Senators Reject Control Over CARES Act Dollars, Advance Budget

July 28, 2020, 6 p.m. ·

Nebraska Capitol (Photo by Fred Knapp, NET News)

Listen To This Story

The Nebraska Legislature rejected an attempt to take control away from Gov. Pete Ricketts over federal CARES Act dollars. Senators also gave second-round approval Tuesday to changes in the state budget.

Nebraska has received $1.25 billion in CARES act money. Gov. Pete Ricketts announced plans in May for how to spend it, including funds for state and local government agencies, businesses, and social service organizations.
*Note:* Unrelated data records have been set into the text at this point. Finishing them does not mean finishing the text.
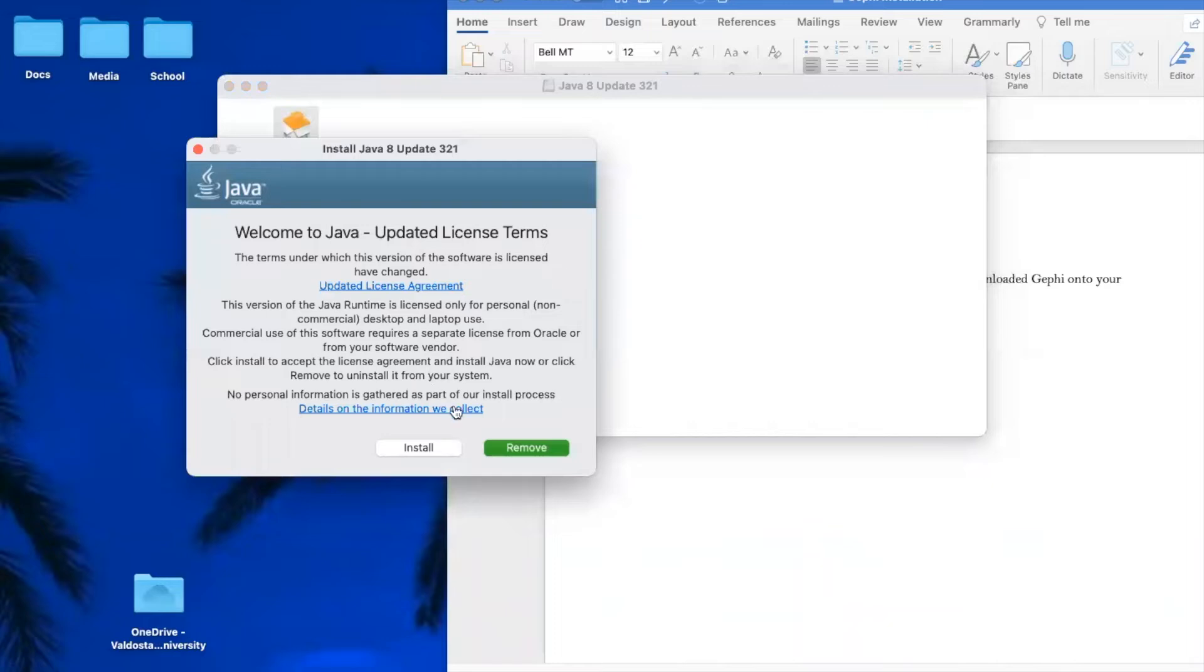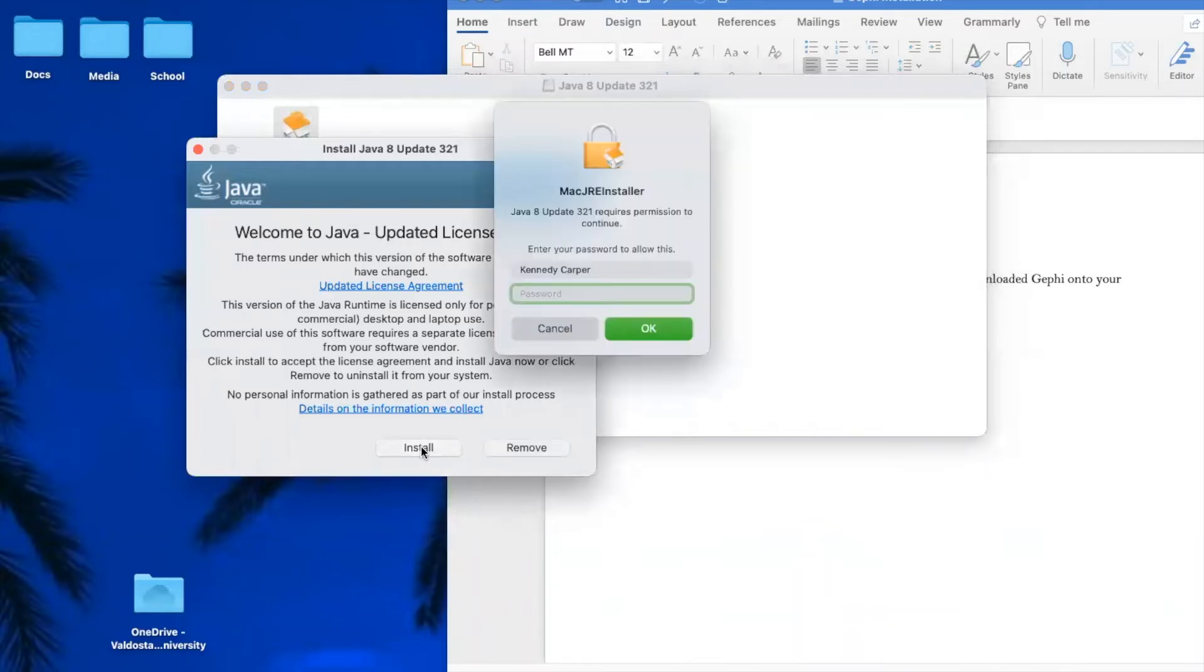Now you will just need to install and agree to all of the terms. It will ask for your computer's password.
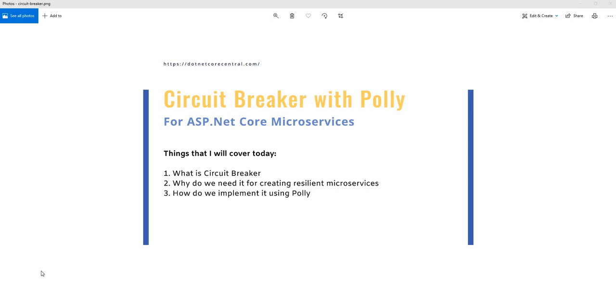First, what is Circuit Breaker? Circuit Breaker is a concept for creating resilient microservices. In a microservices environment, we have multiple services talking to each other. In some cases, they are talking in reactive fashion where they're using some sort of queue or event bus for communicating with each other, which is extremely decoupled.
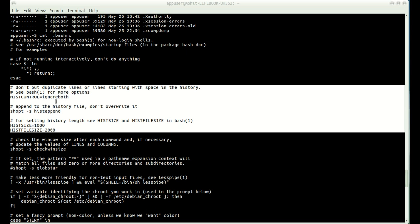Another behavior specified in .bashrc is to append to the history file rather than overwrite it. There are also two size-related variables: HISTSIZE is set to 1000 lines, storing up to 1000 commands in your current session, and HISTFILESIZE is set to 2000, which stores commands in the .bash_history file for up to 2000 lines.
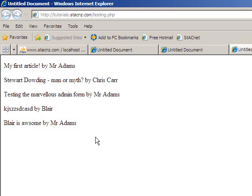And that is how we can run a query, grab multiple results and display them using a do while loop.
The plan also included parking more than $400 million in the state’s unemployment insurance trust fund, although Ricketts said some of that could be transferred elsewhere if the federal government gives states more spending flexibility on how to spend the funds. The governor said language in last year’s state budget bill gives him the power to say how the funds will be spent.

On Tuesday, Sen. Machaela Cavanaugh tried to give that power to the Legislature. Cavanaugh proposed an amendment to this year’s state budget bill that would have divided unused CARES Act funds among various purposes. She proposed $30 million to help people pay for rent, and $28 million for $500 grants for families who have lost 50 percent or more of their income for at least two weeks since the coronavirus pandemic began. The proposal also allocated money for childcare and food expenses. Cavanaugh said legislators in other states have helped decide how to spend the money, and urged her fellow legislators to get involved.

“I hope that you will join me in taking control of these funds as is our duty. And we don’t have to distribute them this way, but we should be distributing them. We shouldn’t be keeping them in a bank account, unutilized, in hopes that the federal government does something else. It’s our job to utilize them – not the governor’s, and not the federal government’s,” Cavanaugh said.

Only 16 senators voted for Cavanaugh’s amendment to take control of the money, with 28 opposed.

Discussion then turned to a proposal by Sen. Curt Friesen to eliminate what he said were increases proposed in various programs this year. His proposed reductions included big and small ticket items, like $10 million for rural workforce housing, and $250,000 for child advocacy centers to investigate child sexual abuse or assault. Sen. Rob Clements supported Friesen’s proposal, alluding to the economic effects of the pandemic.

“There was plenty of money back in March when we were putting these items together, and now there isn’t. So I think some reduction in new spending is reasonable,” Clements said.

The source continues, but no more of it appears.